Cuando el teniente Bocanegra sintió entre sus oídos los gritos indignados de los pobladores, se incorporó de entre el chinchorro y ordenó que un grupo de soldados se hicieran a la entrada del campamento, dispuestos a disparar por si acaso los manifestantes trataban de incursionar. Y entonces casi se desmaya  de la sorpresa cuando vio al padre Segundo Benedicto vestido con la sotana blanca, propicia para los climas cálidos. Después sonrió irónico. “El cura ese está loco”. Después escuchó los gritos que pedían la liberación de Miguel Alférez y que denunciaban las torturas de la noche anterior. Entonces el militar se preocupó al preguntarse cómo habían hecho para averiguar que el prisionero había sido maltratado. Pues ya no cabía duda; el padre Segundo Benedicto tenía espías que, muy seguramente, los habían estado vigilando durante la noche y, tal vez, durante todo el día. Eso era grave y considerado como un delito en los tiempos de la emergencia nacional. Era una culpa que el oficial no estaba dispuesto a soportar. Continuó escuchando los gritos en la carretera, pero no hubo violencia aunque los soldados permanecieron vigilantes, en actitud amenazadora, en la entrada del campamento militar.

El padre Segundo Benedicto habló corto:

-Teniente, es su obligación darle la libertad a Miguel Alférez, si algo ha cometido nuestro hermano, debe ser juzgado como ciudadano, con todos sus derechos y garantías, pero jamás se puede someter a la tortura a un detenido como tampoco a la arbitrariedad. Teniente, día tras día estaremos todos unidos aquí clamando por la libertad de nuestro hermano.

El teniente Bocanegra se devolvió en forma displicente hasta el chinchorro, encendió un nuevo cigarro y sonrió desafiante, si proferir palabra alguna. Momentos más tarde, la gente se retiró del campamento sin dejar de lanzar las arengas.

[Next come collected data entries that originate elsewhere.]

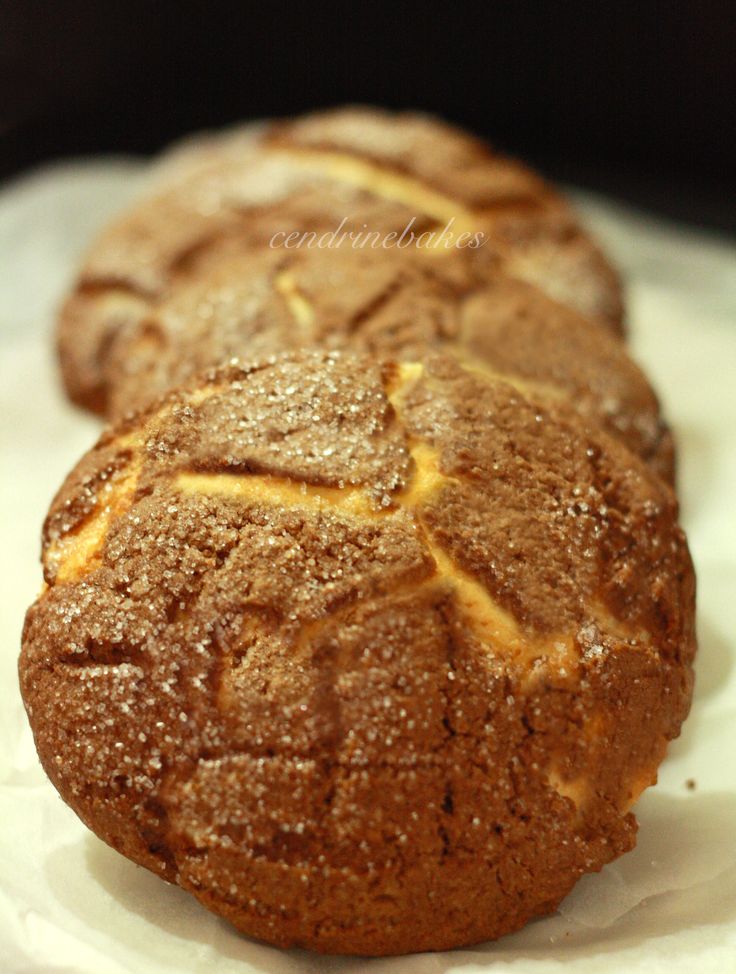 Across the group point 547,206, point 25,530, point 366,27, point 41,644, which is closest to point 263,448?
point 41,644

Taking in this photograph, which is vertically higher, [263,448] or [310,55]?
[263,448]

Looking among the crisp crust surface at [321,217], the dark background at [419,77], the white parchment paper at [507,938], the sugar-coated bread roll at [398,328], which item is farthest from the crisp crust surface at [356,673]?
the dark background at [419,77]

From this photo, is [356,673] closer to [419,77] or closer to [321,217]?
[321,217]

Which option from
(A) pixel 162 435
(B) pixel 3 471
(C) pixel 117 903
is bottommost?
(B) pixel 3 471

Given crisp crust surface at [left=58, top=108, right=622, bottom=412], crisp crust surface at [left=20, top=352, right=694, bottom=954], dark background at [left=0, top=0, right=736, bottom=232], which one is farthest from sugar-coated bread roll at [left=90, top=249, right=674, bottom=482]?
dark background at [left=0, top=0, right=736, bottom=232]

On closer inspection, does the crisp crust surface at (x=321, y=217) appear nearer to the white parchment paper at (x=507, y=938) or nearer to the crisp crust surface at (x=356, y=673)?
the white parchment paper at (x=507, y=938)

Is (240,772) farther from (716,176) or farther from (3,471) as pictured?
(716,176)

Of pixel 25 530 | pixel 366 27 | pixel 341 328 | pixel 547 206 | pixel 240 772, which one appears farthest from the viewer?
pixel 366 27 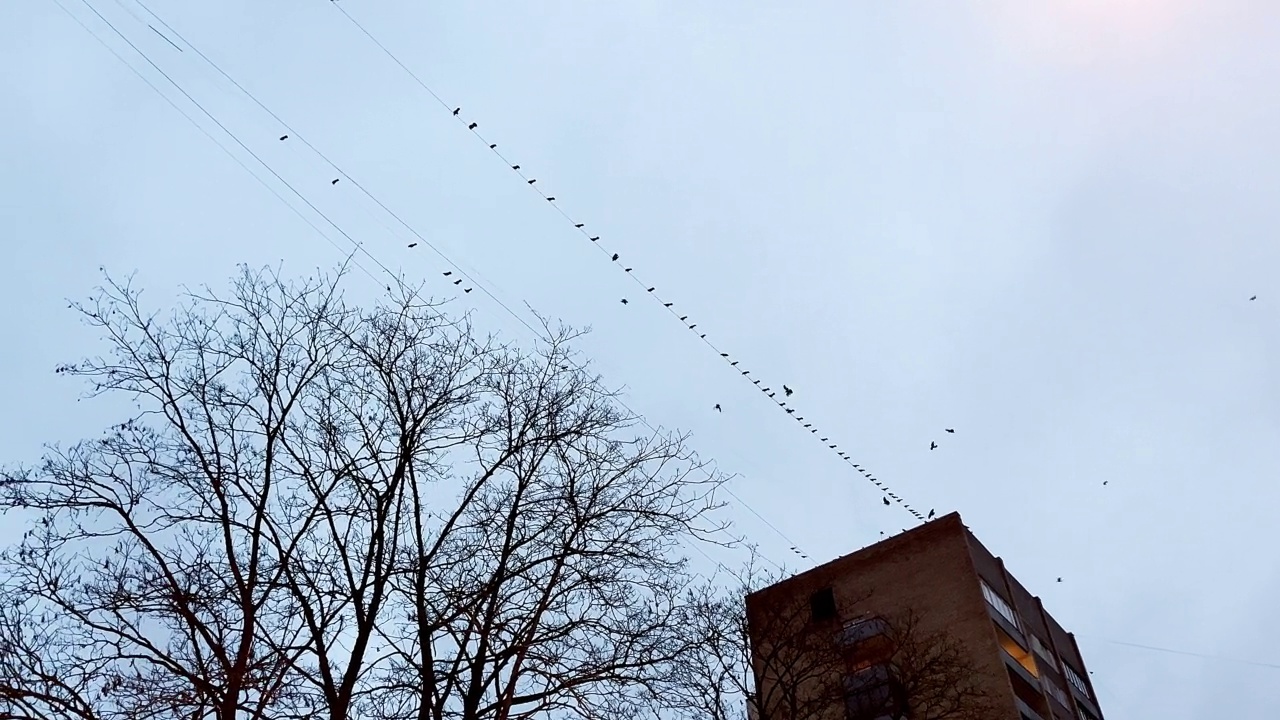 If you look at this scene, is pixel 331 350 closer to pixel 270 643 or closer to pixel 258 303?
pixel 258 303

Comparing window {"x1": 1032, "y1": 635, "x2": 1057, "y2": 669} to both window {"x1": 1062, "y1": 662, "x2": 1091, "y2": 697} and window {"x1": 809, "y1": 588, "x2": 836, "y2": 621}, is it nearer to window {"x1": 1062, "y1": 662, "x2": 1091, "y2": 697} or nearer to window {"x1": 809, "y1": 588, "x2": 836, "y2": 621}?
window {"x1": 1062, "y1": 662, "x2": 1091, "y2": 697}

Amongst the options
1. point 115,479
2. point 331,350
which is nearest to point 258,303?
point 331,350

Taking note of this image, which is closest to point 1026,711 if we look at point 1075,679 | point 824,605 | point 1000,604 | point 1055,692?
point 1000,604

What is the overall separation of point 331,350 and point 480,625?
4.28 meters

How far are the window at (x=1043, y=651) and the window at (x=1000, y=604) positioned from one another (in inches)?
67.7

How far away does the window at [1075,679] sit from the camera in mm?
43312

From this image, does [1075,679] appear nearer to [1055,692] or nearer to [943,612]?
[1055,692]

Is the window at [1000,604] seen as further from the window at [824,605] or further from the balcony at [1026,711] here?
the window at [824,605]

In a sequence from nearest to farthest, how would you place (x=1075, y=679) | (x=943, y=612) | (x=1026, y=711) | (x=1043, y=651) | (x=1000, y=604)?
(x=1026, y=711), (x=943, y=612), (x=1000, y=604), (x=1043, y=651), (x=1075, y=679)

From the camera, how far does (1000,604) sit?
38.4 m

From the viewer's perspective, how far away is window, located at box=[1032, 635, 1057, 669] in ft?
132

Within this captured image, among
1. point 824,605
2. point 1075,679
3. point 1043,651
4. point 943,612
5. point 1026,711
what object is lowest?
point 1026,711

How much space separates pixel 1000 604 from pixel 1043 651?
16.5ft

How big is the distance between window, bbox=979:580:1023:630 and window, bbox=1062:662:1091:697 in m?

Esa noche los soldados salieron por el pueblo requisando a golpes las casas, deteniendo a los transeúntes, hiriéndolos, y cometiendo las anomalías que más pudieron. Los muchachos del ejército encontraron un gozo explícito, más que el sentimiento del deber que en el batallón les habían enseñado. Era una actitud pervertida, sádica y exasperante que les alimentaba el odio inculcado como un virus maligno en el alma. Soterradamente les enseñaban a ser despiadados, inhumanos, encontrando un placer salvaje en la vejación a sus semejantes. Finalmente golpearon el la puerta principal de la casa cural. El padre Segundo Benedicto los atendió cordialmente, sorprendiendo a los integrantes de la patrulla al mando de un cabo entristecido, que tenía que hacer un esfuerzo grande para parecer cabrón. Los soldados penetraron en la casa cural registrándolo todo, absolutamente todo, tratando de encontrar alguna evidencia que pudiera comprometer al sacerdote con la guerrilla que heroicamente luchaba contra la abyecta dictadura en el norte del país. Después de un registro minucioso, salieron sin hallar nada comprometedor, más que biblias, vestiduras y ornamentos. Ni siquiera un arma, fuera de los enseres de la cocina y del comedor. Y ante el asombro de todos, el padre segundo Benedicto les ofreció vino de consagrar, aduciendo que los muchachos campesinos del ejército no tenían la culpa de nada, pues ellos también eran castigados, reprimidos y condenados a actuar y pensar como el gobierno actuaba y pensaba. El comandante de la patrulla aceptó el vino, y los soldados bebieron con cierta timidez y vergüenza, pues desde sus ancestros primitivos respetaban, más que nada, a las autoridades religiosas, sin entender por qué motivo algunos se comprometían con los pobres y otros con los poderosos. Ellos solamente sabían que eran sacerdotes, los enviados de Dios en la Tierra, y así los veían siempre. Los soldados se despidieron agradecidos con el religioso, disculpándose al argumentar que solamente cumplían órdenes, pero el sacerdote les infundió confianza, exonerándolos de toda culpabilidad.